AUGUST 31 — The last five years, race exclusivists upped their game to threaten Malaysia’s multiculturalism.

The state elections bruised Pakatan and Barisan Nasional (BN) politicians’ egos, and battered Malaysian camaraderie. An adolescent nation now struggles to overcome playground powerplay by race-first politicians who insist on an unoriginal caste system.

Sixty years in, the water has got choppy.


It is not merely a competition for control of the federation, it is turning out to be a contest for the soul of this nation.

Apt as a Merdeka Day reflection.

To the three characters of this story.


It is us against them

Perikatan Nasional (PN) managed to mainstream hate as a policy platform. It wants to disabuse Malaysians of the notion equality is good, that citizenship is paramount.

To deny I am a Malaysian before a Tamil, Cheras resident or kitman for the most disorganised football team in Klang Valley, with a midfielder called Augie.

To them, Malaysia is a collection of opposing values where Malays are at risk of losing themselves in nationhood. Our differences are too great to bridge is the claim.

They are thin on evidence but why let facts get in the way of an entertaining story?

I have stories too.

Two homeless men live along my office block, one sleeps next to the 7-Eleven and the other next to the MRT station’s electricity sub-station. Both Chinese.

I also live in a country where the top 10 richest persons list features eight Chinese men.

The same country with Chinese pasar malam vendors three late payments away from Ah Longs accosting them.

Where do these threads merge?

There is concentration of wealth and monopolistic tendencies, Malaysia still needs to find its confidence in itself and level headed public policies can get us further to an egalitarian society.

However, the potshots and conflation of all our problems to ethnic self-interest which race-exclusivists feel is grounds for their own promotion of wanton ethnic self-interest only blinds the nation.

Yet, Pakatan and BN lack the courage to commit to a better Malaysia. They rather put their feet in both the past and promising present, a fail-safe recipe to stunt the future.

The victims are all

It’s not just minorities at risk. When the idea of Malaysia is trampled on to serve one race's agenda, a little bit goes numb in all of us.

We live with each other, and even when we walk on different sides of the street, a toxic environment of persistent race fear stories or over-glorification seeds mistrust.

When leaders insist the national identity is secondary to what they deem as superior identity, they leave the people with mistrust.

My brother feels Malay motorists look more aggressive these days. The Malay motorists may feel the same when they look at him, or other Indians. The truth is, mistrust is far, far easier to nurture than an iota of trust.

Fear is a horrible condiment determined to be a staple.

The race-exclusivists harm all, even their purported base in a multicultural society.

Sitting here with popcorn

The enablers irk me the most.

Those with power and influence, maybe those forced out of the party game and present podcasts in the interim.

They quip these are ploys for power, and they are. However, when those strategies are irresponsible and likely spin beyond control, then the responsible, those with the nous and know of the world must step in.

To use their political capital to fight the toxicity even if it harms their own long term political gain.

Malaysia cannot merely rely on Merdeka ads to protect its multiculturalism.

It needs patriots.

It’s a special strength to stand up against bigger bullies for those who cannot. It’s how you chisel character on granite.

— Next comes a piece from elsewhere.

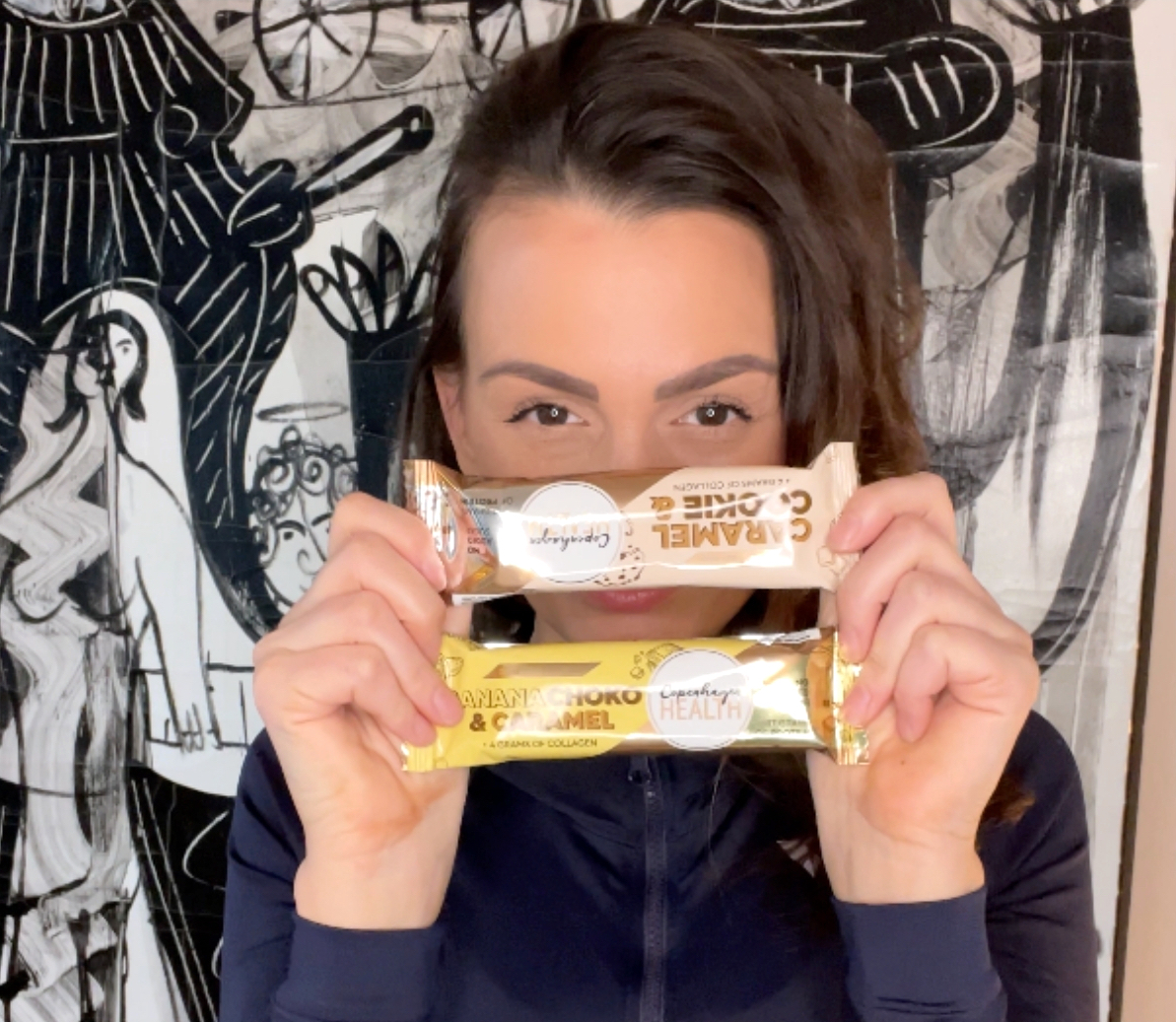 Kvinde med Copenhagen Health Proteinbarer foran sig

People gather to watch the Merdeka Day parade in Putrajaya August 31, 2023. ― Picture by Miera Zulyana
People gather to watch the Merdeka Day parade in Putrajaya August 31, 2023. ― Picture by Miera Zulyana

Raise your flag for others

It is just past midnight. A youth group on bikes adorned with Malaysian flags and paraphernalia scream as they cycle past.

My late father showed his feelings but never spoke about them. There are pictures of him in uniform and at the airbase, just a driver in the service but he loved his country. It’s a place worth loving, all these years later; I’d tell him if I could.

The agitators will continue, even harder after this Merdeka season. The people, of all races, are the guinea pigs in this experiment. The capable who look on, by tradition, might continue to look on.

The censorship of opponents is not the answer.

If there is a Merdeka wish from this reflection, it is for inspiration. From where? Your guess is as good as mine.

Malaysia is not in danger, not yet but the plant could use a dollop of sunlight.

* This is the personal opinion of the columnist.